Contudo, em 2005, por ocasião da visita do Primeiro-Ministro chinês Wen Jiabao a Nova Deli, os indianos acreditaram que haviam conseguido algo de concreto com uma declaração conjunta de que as rectificações de fronteiras que viessem a ser acordadas não afectariam as populações locais, o que reduziria significativamente o âmbito do que seria objecto de discussão. Afinal, parece que o entendimento chinês sobre o conceito de afectação das populações não é bem igual ao indiano – as populações não são obrigadas a aceitar uma nacionalidade que não desejem, são livres de se mudar… – e parece ter regressado tudo ao ponto de partida. Pelo menos é essa a interpretação da oposição indiana do BJP**, um partido considerado tradicionalmente mais agressivo no que respeita às divergências sino-indianas do que o Partido do Congresso, que se encontra actualmente no poder.
Necessariamente mais cautelosa, a posição governamental debate-se entre as grandes necessidades de investimentos estruturais (sobretudo nas comunicações e telecomunicações) naquela remota região da Índia e a repercussão que essas decisões poderão ter do outro lado da fronteira. É que os eleitos locais, como é caso do deputado Kiren Rijiju (na fotografia acima), com outro colega, pertencentes ambos ao oposicionista BJP têm-se mostrado muito assertivos nas críticas que fazem ao esquecimento a que o poder central tem votado o estado e à aparente contemporização perante as manobras chinesas. Muito recentemente, uma delegação do BJP, incluindo Rijiju, esteve em Taiwan em conferências sobre problemas vários (os das fronteiras também...), num daqueles gestos diplomáticos que os governos oficiais não podem fazer, mas as oposições podem, e os primeiros agradecem que as segundas façam…

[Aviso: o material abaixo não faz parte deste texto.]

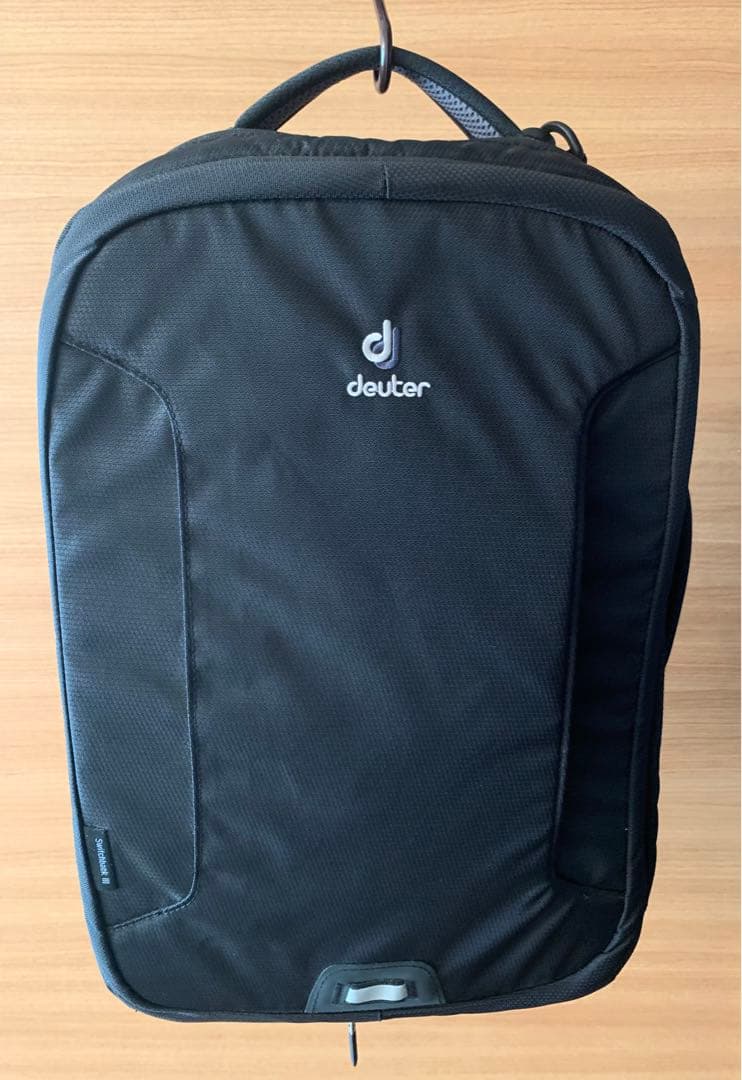 【ほぼ未使用】ドイター (deuter)スイッチバックⅢ デイパック リュック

É evidente que Nova Deli não pode provocar directamente Pequim na sua corda mais sensível da política do reconhecimento de uma só China. Mas a resposta indiana aos responsáveis chineses deverá apelar oficialmente para a sua compreensão para o facto de não lhes ser possível controlar as iniciativas de um conjunto de jovens deputados voluntariosos da oposição… Essa impossibilidade, no mundo ultra codificado da diplomacia, é um indício óbvio de como o governo indiano tem visto com muito desagrado as movimentações discretas mas contínuas que o exército chinês tem assumido do seu lado da fronteira nos últimos tempos. Movimentações essas a que os responsáveis políticos locais de Arunachal Pradesh (incluindo Kiren Rijiju) têm chamado a atenção, porque se existe alguma certeza em todo este assunto nebuloso, é o lado da fronteira a que as populações locais preferem pertencer…
* Embora aqui (where else?...) já ele tivesse sido mencionado.
** Bharatiya Janata Party
Que dizer?!...
ResponderEliminar(Nada de confusões com outra frase parecida)
Efectivamente, em mais lado algum se pode ler e aprender sobre temas como este e outros.
Obrigado.
Cumprimentos.
Eu é que lhe agradeço pela leitura e pela regularidade dos comentários.